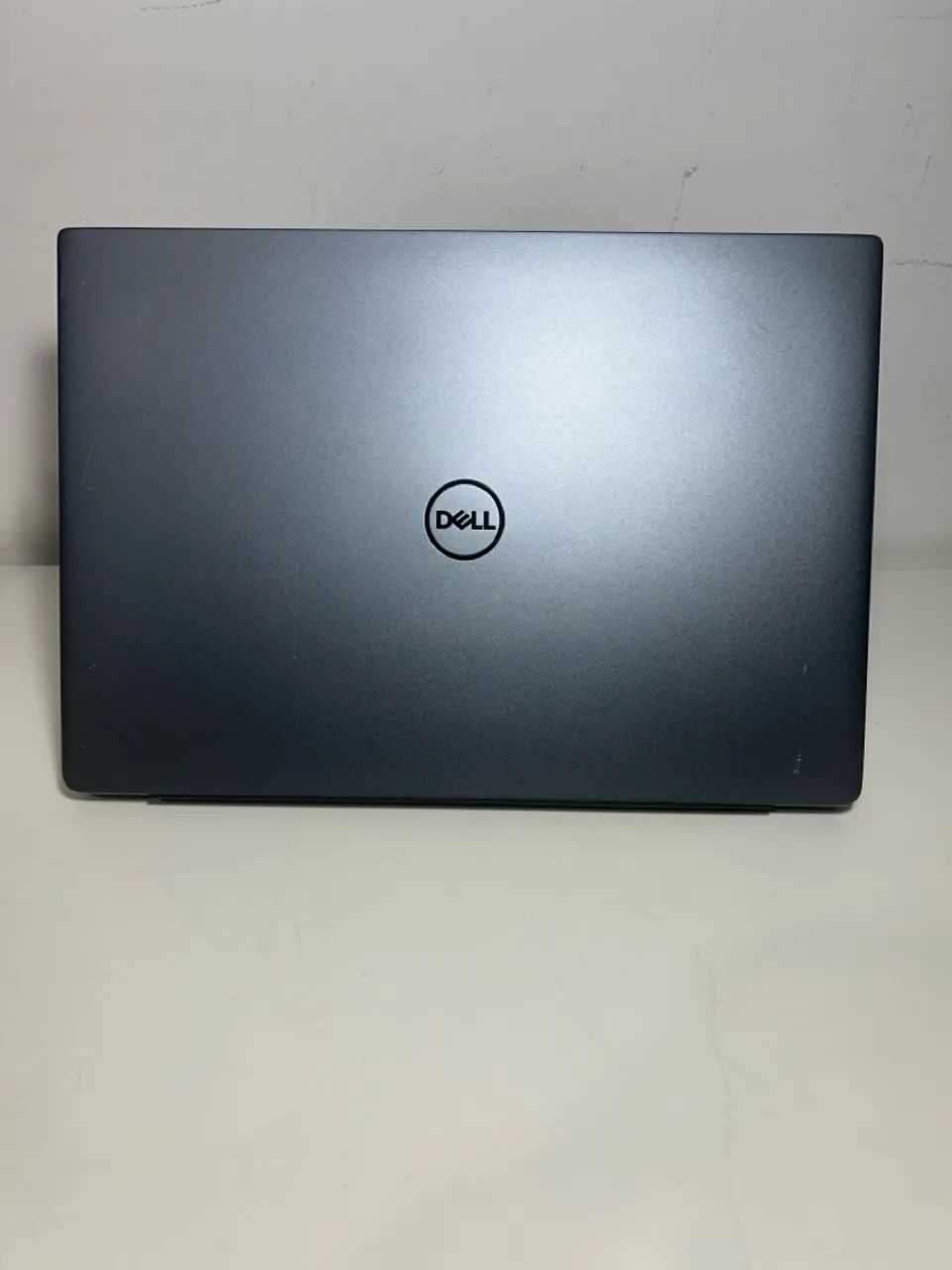 Notebook Dell Vostro 14 i7 - 10ª geração 8gb - Foto 4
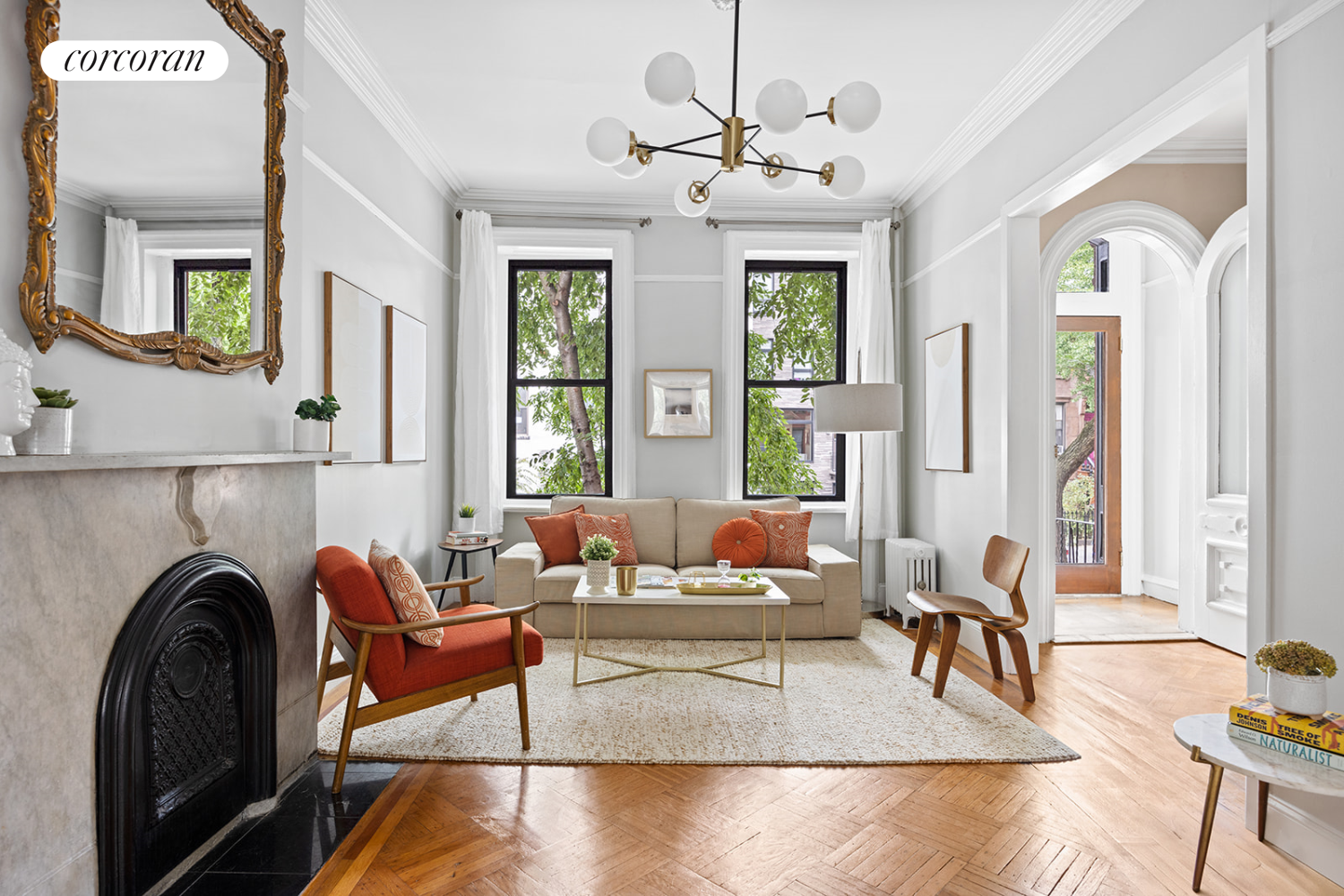 290 8TH Street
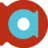 Logo Stichting Achmea Rechtsbijstand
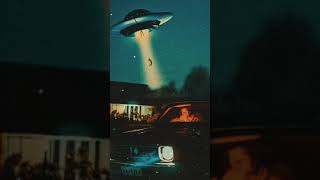 kho gaye hum kahan WhatsApp status full screen . alien WhatsApp status. dark WhatsApp status.
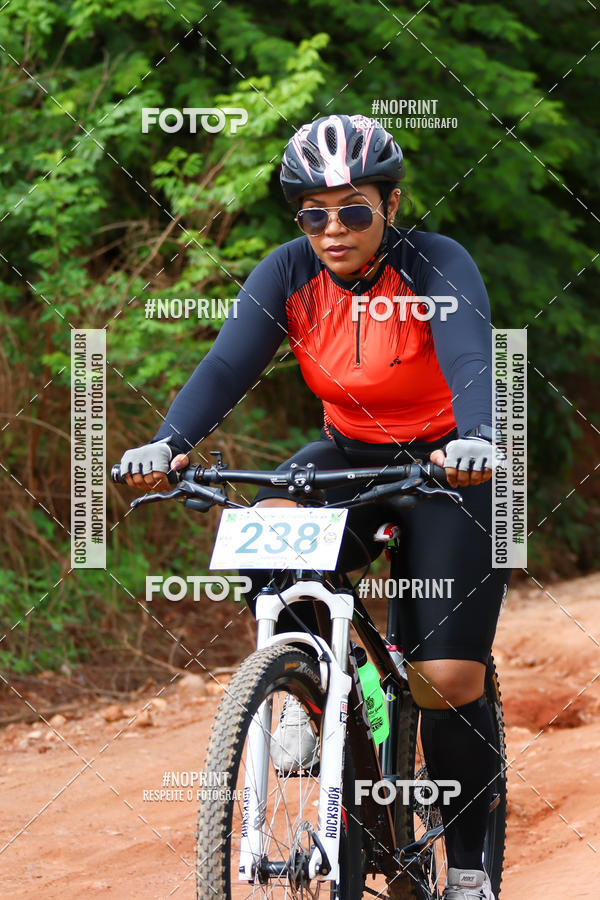 Buy your photos of the event1 CICLOTURISMO DE CORRENTINA on Fotop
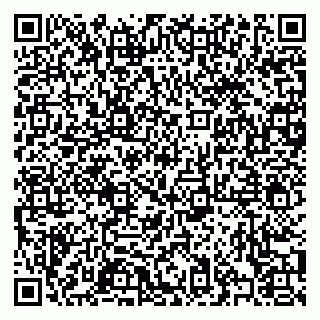 vCard 79376400124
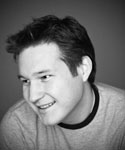 dustin-meyer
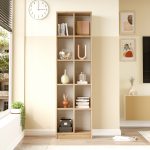 СТАЛАЖА ЗА КНИГИ LI1-S-1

***

■ **TASK DIRECTIONS**
The expected output is the lines from the line that contains "vCard 79376400124" through the last line of the material, reproduced exactly, with both ends present and pictures absent.

■ **RESULT OF THE EXERCISE**
 vCard 79376400124
 dustin-meyer
 СТАЛАЖА ЗА КНИГИ LI1-S-1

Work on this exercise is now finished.